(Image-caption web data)
Content starts
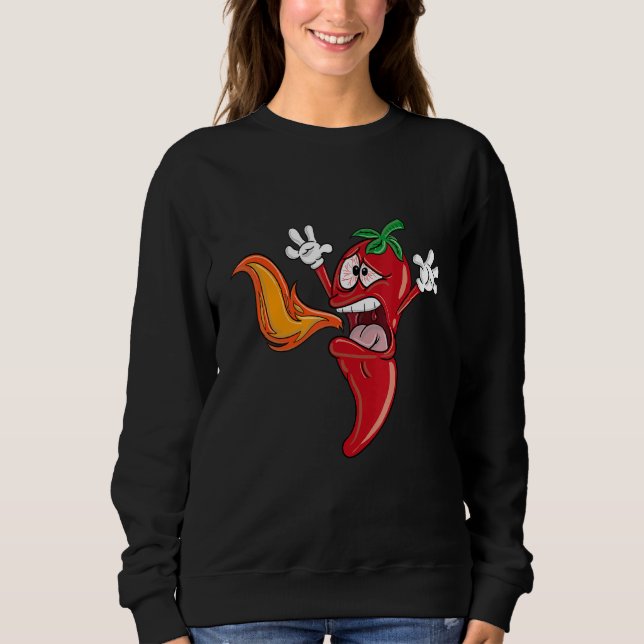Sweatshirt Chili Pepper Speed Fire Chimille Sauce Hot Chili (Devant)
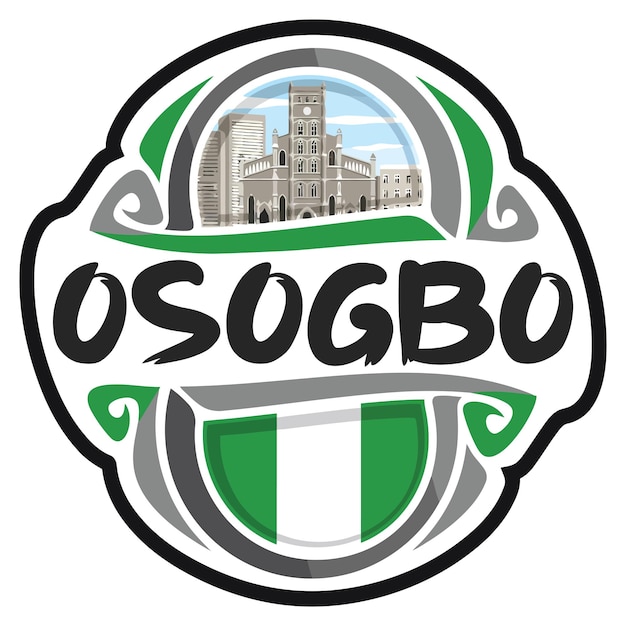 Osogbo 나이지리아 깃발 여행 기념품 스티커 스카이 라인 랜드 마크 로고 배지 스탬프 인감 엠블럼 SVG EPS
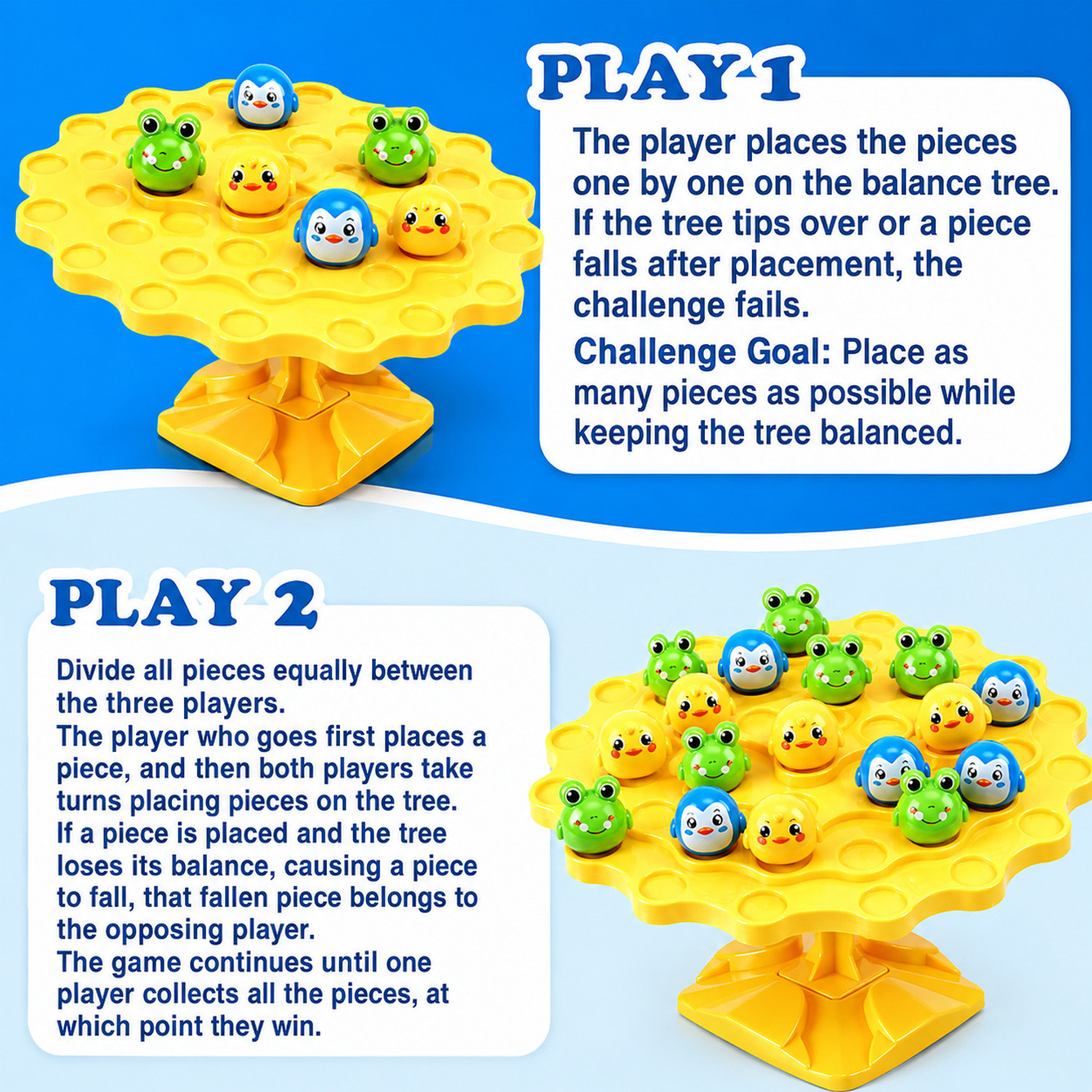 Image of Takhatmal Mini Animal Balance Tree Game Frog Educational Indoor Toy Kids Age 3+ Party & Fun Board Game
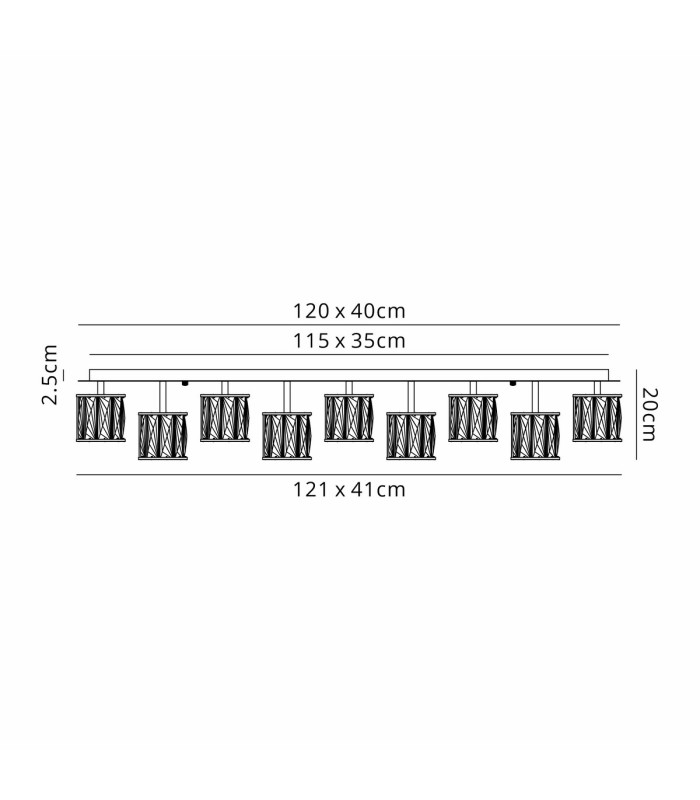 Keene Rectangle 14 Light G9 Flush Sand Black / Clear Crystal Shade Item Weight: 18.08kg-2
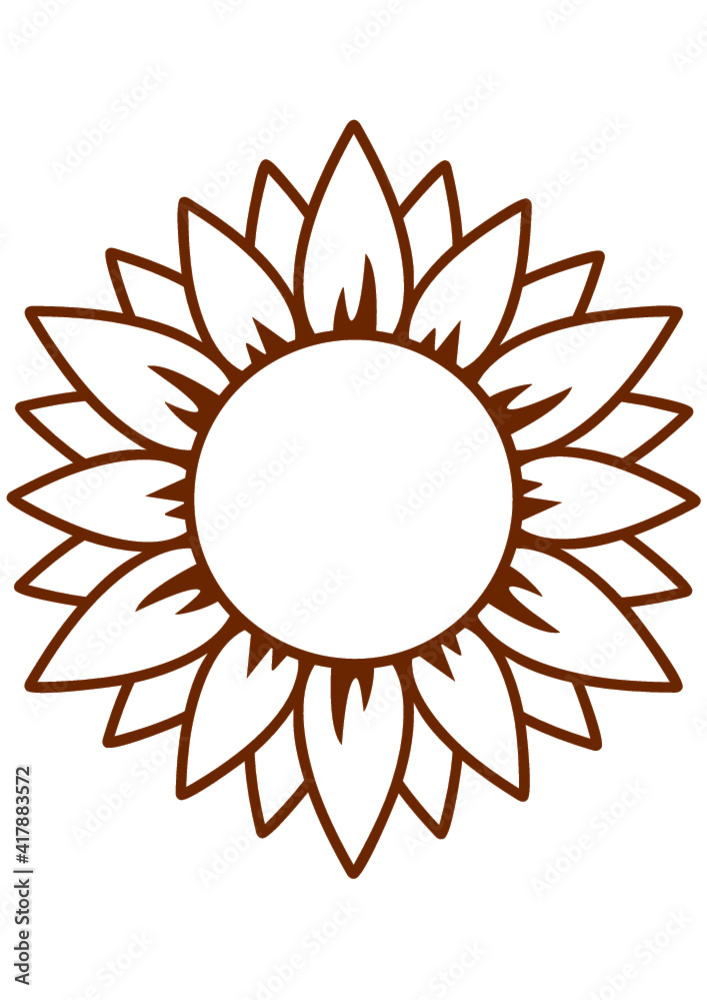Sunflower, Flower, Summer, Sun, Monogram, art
Content ends
_Your assignment:_ Repeat the data word for word, minus any pictures.

_Solved exercise:_
Sweatshirt Chili Pepper Speed Fire Chimille Sauce Hot Chili (Devant)
 Osogbo 나이지리아 깃발 여행 기념품 스티커 스카이 라인 랜드 마크 로고 배지 스탬프 인감 엠블럼 SVG EPS
 Image of Takhatmal Mini Animal Balance Tree Game Frog Educational Indoor Toy Kids Age 3+ Party & Fun Board Game
 Keene Rectangle 14 Light G9 Flush Sand Black / Clear Crystal Shade Item Weight: 18.08kg-2
Sunflower, Flower, Summer, Sun, Monogram, art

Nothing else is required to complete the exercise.